Shock-carc configuration

From SCECpedia
Jump to navigationJump to search

This page documents the configuration requirements for shock-carc.usc.edu, which will be used as a workflow submission host for CyberShake.

Requirements

Functionality

Once shock-carc is fully configured, we would like to be able to:

  • Have users on SCEC projects and the Pegasus team be able to log into shock-carc.
  • Submit remote Condor jobs to Summit.
  • Submit remote Condor jobs to Frontera.
  • Create, plan, and run a Pegasus workflow, which interacts with CyberShake databases.

Hardware

  • In addition to internal disk, 2 TB of local storage (preferred, but not required)

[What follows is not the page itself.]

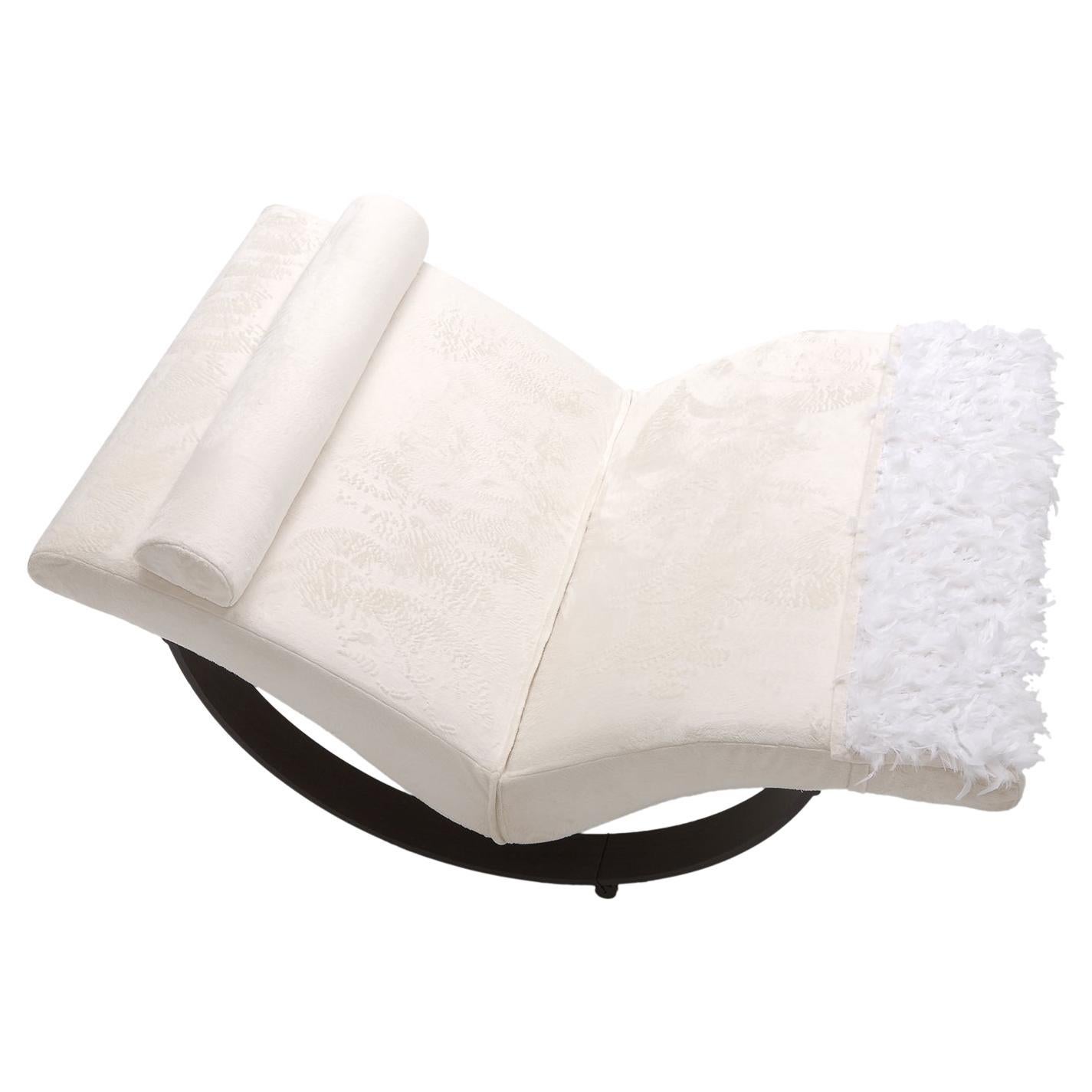 Giovannetti, Modern Relaxing Rocking Armchair by S. Gil, White "Gabbiano" For Sale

Software (installed by CARC)

  • Linux OS (whatever default flavor CARC prefers is fine - CentOS 7)
  • HTCondor (9.0.1, out in mid-May)
  • MariaDB (repo has 10.5.5). MySQL is also fine.
  • globus-url-copy (should be available in Extra Packages for Enterprise Linux (EPEL), globus-gass-copy-progs)
  • sqlite3, if not part of the OS
  • screen, if not part of the OS
  • ImageMagick, if not part of the OS
  • Python 3, if not part of the OS
  • Java 11 (11.0.11 is the latest)

Software (installed by SCEC)

  • Pegasus will be installed by SCEC developers in user space, since we often build from source.
  • OpenSHA will be installed by SCEC developers in user space.

Configuration

  • HTCondor configuration is specified through two configuration files, condor_config and condor_config.local. CARC, the Pegasus team, and SCEC developers will work together to correctly set up these files. We anticipate that condor_config will be owned by user condor and thus require CARC to edit, but that condor_config.local will be owned by user scottcal.
  • For MariaDB, permissions should be set up by CARC so that users can create and write to databases. Access to these databases should be restricted to localhost.
  • To enable remote job submission, we request that CARC adds whitelisting exceptions for a short list of OLCF and TACC nodes, which will be provided separately.
  • Trusted certificates (from Pegasus group)

Establishing Workflow Capability

We plan to follow the steps below in establishing the capability of running CyberShake workflows on shock-carc.

Step Status
Create and populate RC database with rupture geometries. Completed.
Compile DAX generator. Completed.
Use DAX generator to create DAX for TEST site (using Rup_Var_Scenario_ID 6, CVM-S4.26, 0.5 Hz). Completed.
Plan TEST site DAX.
Run jobs from TEST site DAX thru pegasus-run.
Successfully perform stage-in and stage-out between Summit and shock, and Summit and hpc-transfer*.
Verify TEST site results.

Once basic workflow capability is attained, we will test the additional advanced components.